Browser agents work well for one-shot tasks. They fall apart on multi-step regression testing where you need to tick off a couple of dozen cases in sequence without losing the thread.
The approach that worked
I stopped trying to make the AI act and started using it only to observe.
Deterministic code handles everything requiring reliability: logging in, navigating to each URL, clicking buttons, typing text. All scripted, no model in the loop.
For each test: take a screenshot, send it to a local vision model, ask one specific yes or no question. "Is the login form visible with no blank white screen?" "Is the user profile page showing the correct name and email fields?"
The model never navigates. Never clicks. It looks at a static screenshot and answers one question. No agent loop, no state to lose.
A couple of dozen tests, a few minutes end to end, all green.
Things that were harder than expected
The login flow was two steps: email first, then a Continue button, then the password field appears. This is the kind of thing a browser agent handles inconsistently. A small block of deterministic code handles it every time.
The app uses React drag-and-drop which does not respond to standard drag commands. You have to dispatch raw mouse events with a hold delay for React to register the interaction. Scripted code handles it. An agent trying to drag things fails most of the time.
How you phrase the question to the vision model matters more than which model you use. "Is the submit button visible?" and "Is there a green button labeled Submit at the bottom of the form, below the terms and conditions checkbox?" produce very different results. Being specific is the work.

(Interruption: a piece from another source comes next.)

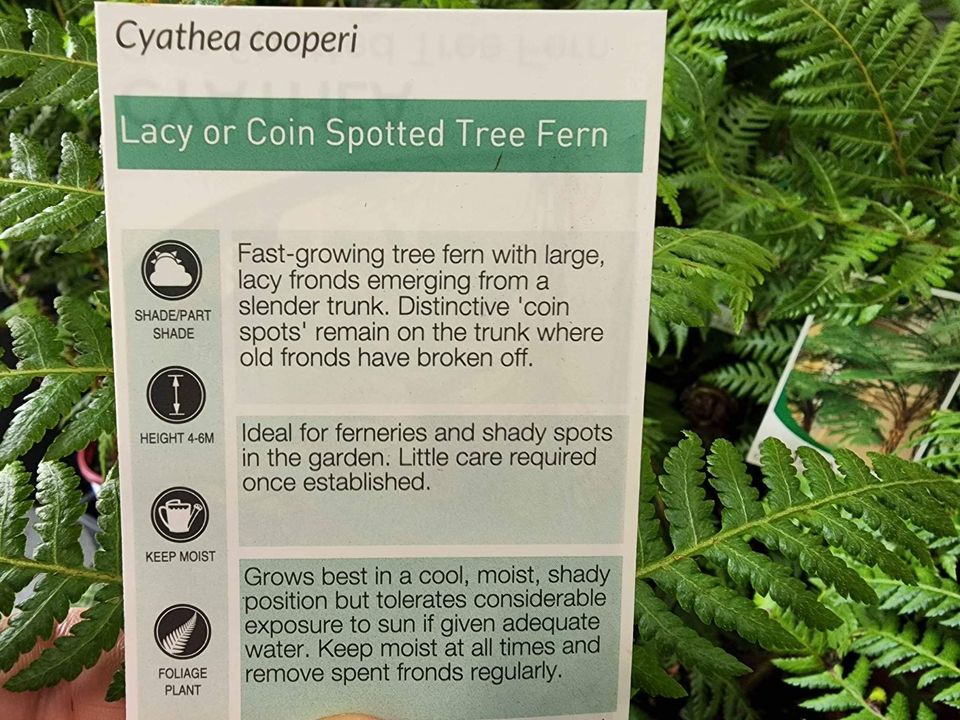 Tree Fern (Cyathea cooperi) - Ladybird Nursery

One thing that matters in practice: the apps worth testing usually sit behind SSO with 2FA. Automating that login is not realistic. So lookout has a lookout auth command that opens a headed browser, lets you log in by hand once, and saves the session. Every subsequent run reuses it. Not glamorous, but it is the difference between a demo and a tool.
What came out of it
I packaged this into a CLI tool called lookout. You write a YAML spec defining your tests, point it at your app, and run it. In headed mode you can watch it click through the browser in real time while a GPU stats panel shows your vision model working through each screenshot. When it finishes, it generates an HTML report with pass/fail results and an embedded screenshot for every test, and opens it in your browser automatically. The whole run from launch to reading the report takes a few minutes.
Single Go binary, local Ollama model by default with cloud vision models as an opt-in for teams that want higher accuracy. It also ships with a prompt to convert an existing PDF test spec into YAML, useful if you inherit a document rather than write one from scratch. CI-ready exit codes and JUnit XML output so it slots into a pipeline rather than being something you run manually.
It is open source at github.com/alexmchughdev/lookout. It ships with a demo spec you can run out of the box, but getting it working reliably against your own app will take some time dialling in the selectors and question phrasing for your specific UI. That tuning is where the real work is, and it is different for every app. If you try it out or want to contribute, feel free to open an issue or a PR.
The actual takeaway
The instinct when you hear "AI QA automation" is to picture an agent that reads your test spec and handles everything. That capability is closer than it was a year ago, but for complex multi-step regression testing across a React app it still breaks down in practice.
Treating the AI as a fast and consistent observer, and using deterministic code for everything else, produces something genuinely reliable. The model does not need to be smart. It needs to be consistent. Those are different requirements.